Wed Nov 21, 2012 7:45am EST
* FTSE 100 index falls 0.1
* Johnson Matthey and copper price hit Materials
* Trade seen as rangebound after Monday's big gains
* Utilities receive regulator boost
By Alistair Smout
LONDON, Nov 21 (Reuters) - Britain's top share index edged lower on Wednesday, with heavily weighted miners hit by concerns over global demand, although trade was in tight ranges ahead of a U.S. public holiday.
By 1128 GMT, the FTSE 100 index was down 0.1 percent at 5,744.18 points, with commodity-related stocks accounting for all of the 3.92 point fall in the index.
The sector contained the index's top faller, precious metals and commodity company Johnson Matthey, which fell 6.4 percent after cautioning over an outlook dented by weakness in both the United States and Europe.
The stock traded in heavy volume of 130 percent of its average 90 day volume, compared to a mere 25.2 percent average across the index.
Miners overall lost 0.7 percent as as growth worries hit commodity prices, with the copper price also falling 0.7 percent.
"Outlooks have been cautious, generally, while results have been roughly in line. So I think going forward, people are somewhat sceptical about economic growth, and how that's going to impact on the bottom line," said Jack Pollard, analyst at Sucden Financial Private Clients.
A two-day rally on Wall St was halted on Tuesday after Federal Reserve Chairman Ben Bernanke admitted the U.S. central bank could not save the United States from recession if its "fiscal cliff" is not resolved.
Greece's international lenders were meanwhile unable to agree on an aid package for the country, another reminder for investors of the challenges that remain for global growth.
European finance ministers will meet again on Greece on Monday, while the U.S. Thanksgiving holiday is seen as capping price moves and volumes, leaving the UK market rangebound until next week.
"It appears from the price action we've seen early on that we're stuck in a tight range, probably until Monday, with the Thanksgiving holiday coming," said Clive Lambert, technical analyst at FuturesTechs.
"From a technical point of view, we had a very strong session on Monday, following on from a rejection of the downside on Friday. But the price action of yesterday and today is quite uninspiring, and it doesn't look like we're going to head back up towards 5,900."
UK stocks dropped 3 percent last week but their losses were mostly reversed on Monday in the joint biggest single session rise of the year. The FTSE 100 index tested support at the 200-day moving average early on Monday, but did not drop below the key 5,726 level.

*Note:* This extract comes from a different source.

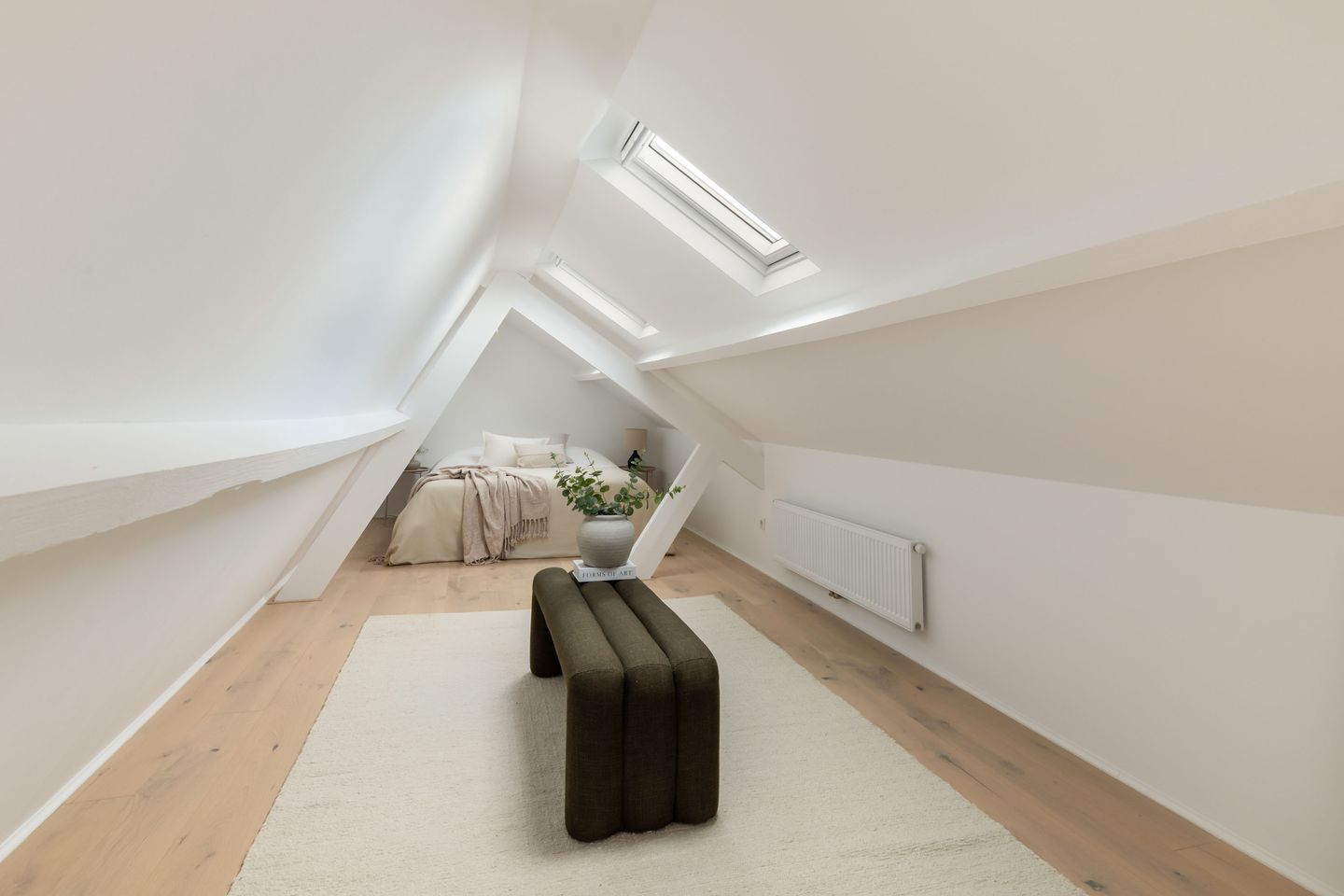 Foto 25 van Samuel Mullerstraat 53-03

Utilities also lent support to the index. United Utilities led the FTSE 100 gainers with a 2.3 percent rise after a clarification by sector regulators struck a more concilatory tone.
"The softening of Ofwat's stance on a Competition Commission referral reduces the near-term risk of negative newsflow and highlights how important a consensus driven outcome is to this process," JPMorgan said in a note. (Additional reporting by David Brett; Editing by Catherine Evans)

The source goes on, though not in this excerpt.